What the task asks:
No pictures, please. Output the lines from the start of the data through the line that contains "Residence San Giorgio", both included, exactly as they stand.

(Materials provided Opens)

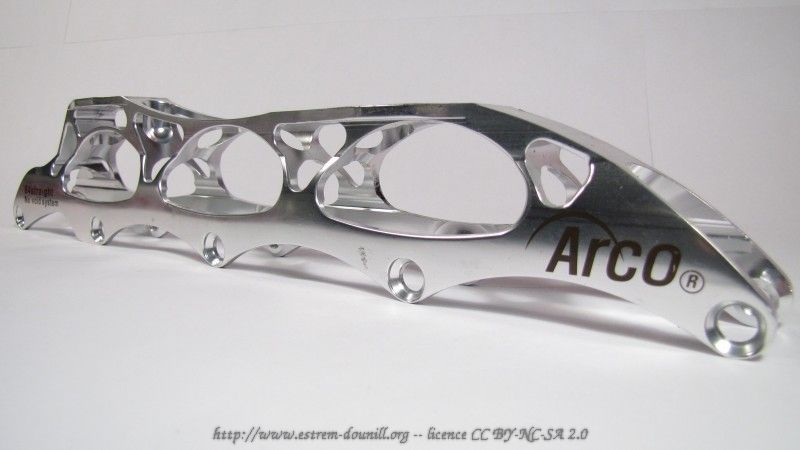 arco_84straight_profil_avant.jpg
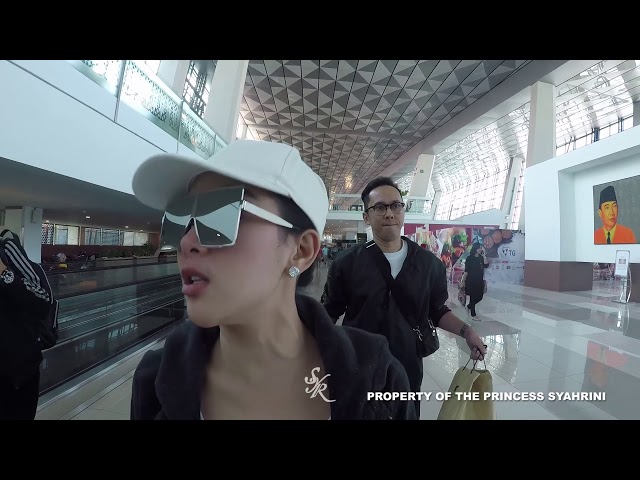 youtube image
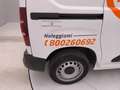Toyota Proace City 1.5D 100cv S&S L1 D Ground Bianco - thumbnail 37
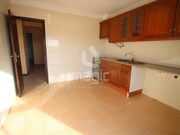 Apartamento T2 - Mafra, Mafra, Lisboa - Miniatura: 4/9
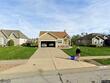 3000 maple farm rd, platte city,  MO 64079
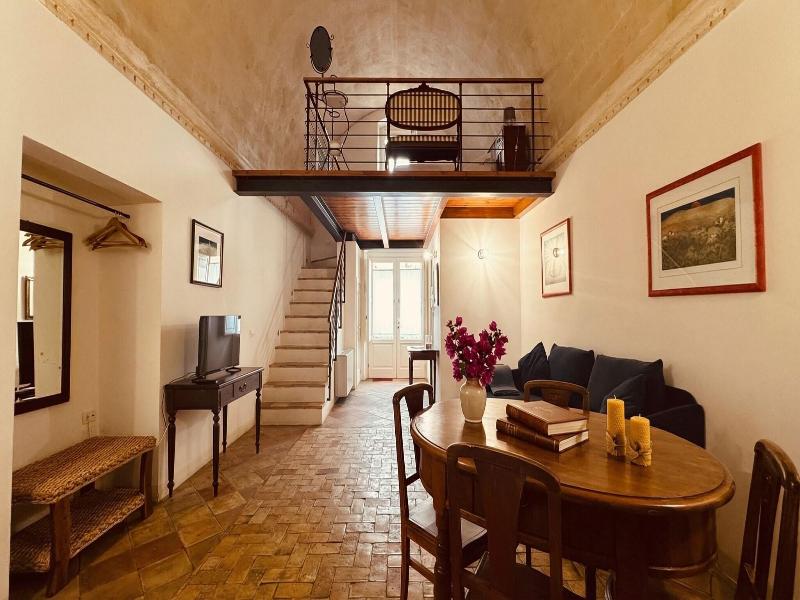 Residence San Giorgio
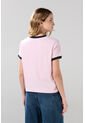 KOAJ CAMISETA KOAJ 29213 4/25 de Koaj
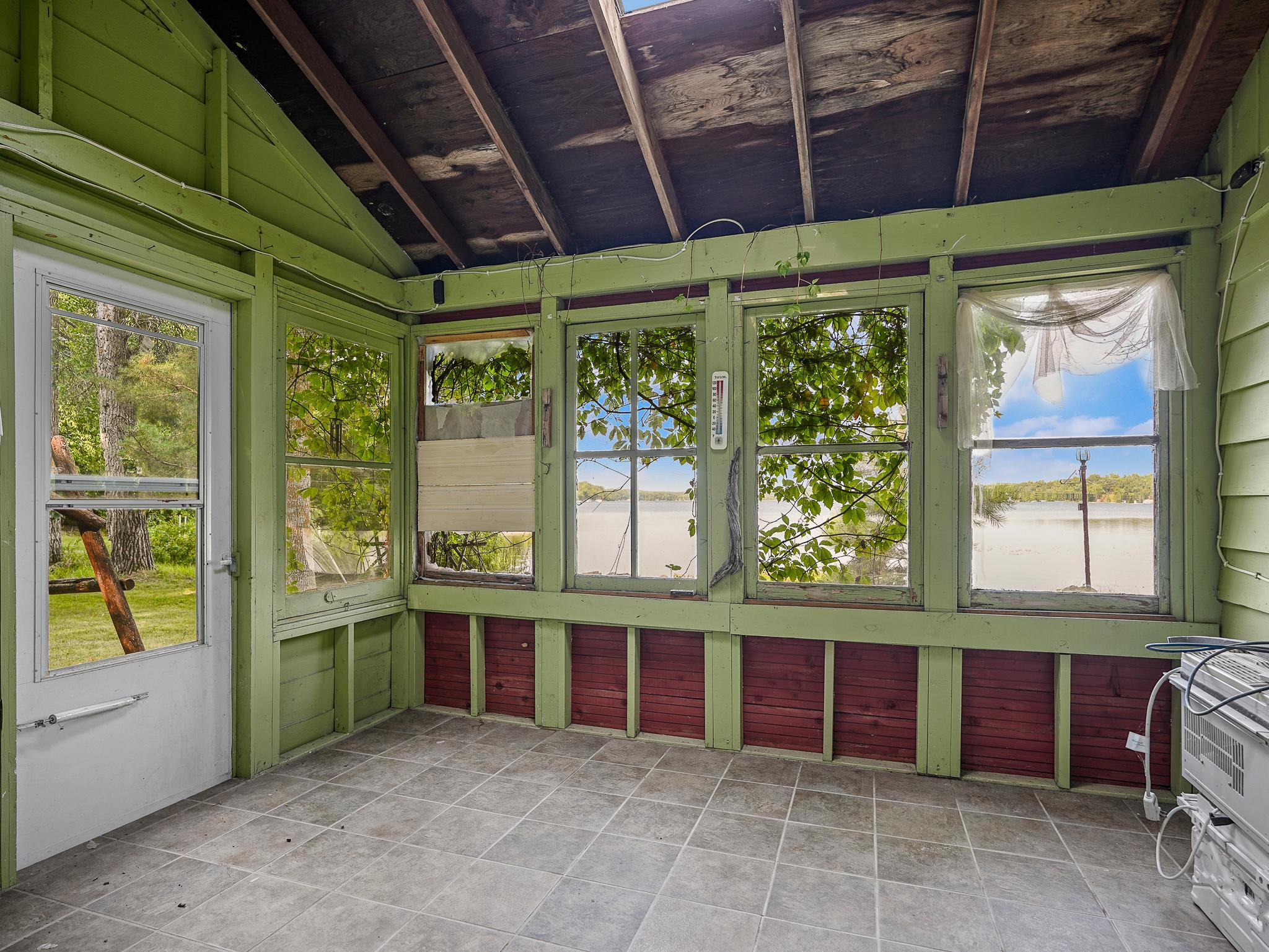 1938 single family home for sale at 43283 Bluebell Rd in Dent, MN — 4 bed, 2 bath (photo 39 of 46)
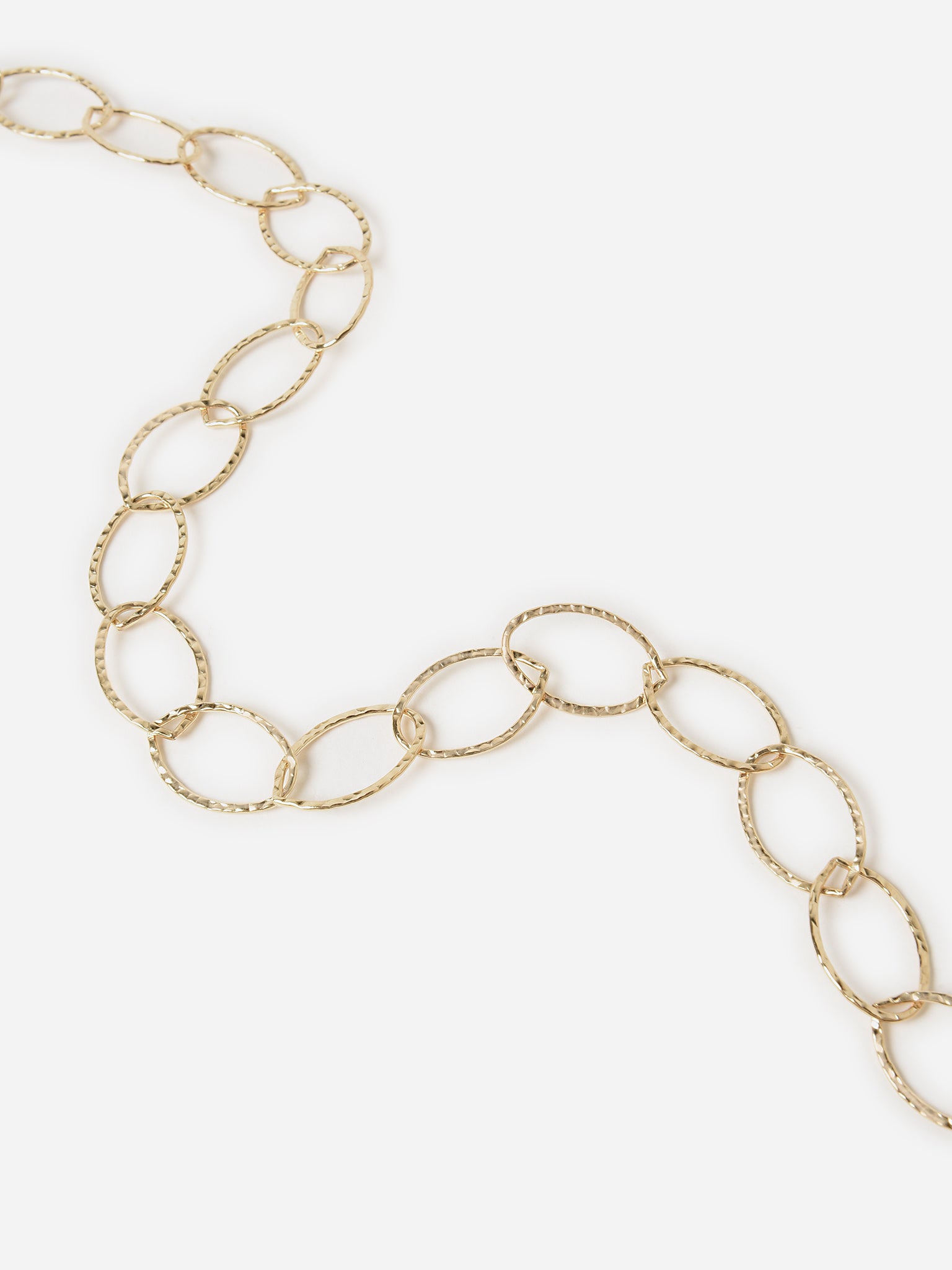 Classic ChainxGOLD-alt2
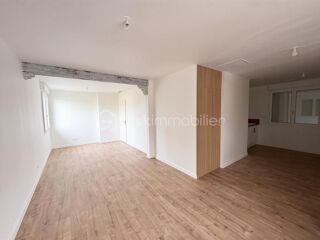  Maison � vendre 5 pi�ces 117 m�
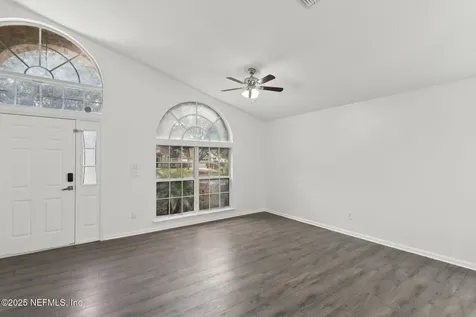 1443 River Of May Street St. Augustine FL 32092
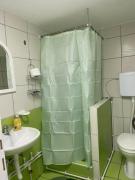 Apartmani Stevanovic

(Materials provided Closes)

Response to the exercise:
 arco_84straight_profil_avant.jpg
 youtube image
Toyota Proace City 1.5D 100cv S&S L1 D Ground Bianco - thumbnail 37
 Apartamento T2 - Mafra, Mafra, Lisboa - Miniatura: 4/9
 3000 maple farm rd, platte city,  MO 64079
 Residence San Giorgio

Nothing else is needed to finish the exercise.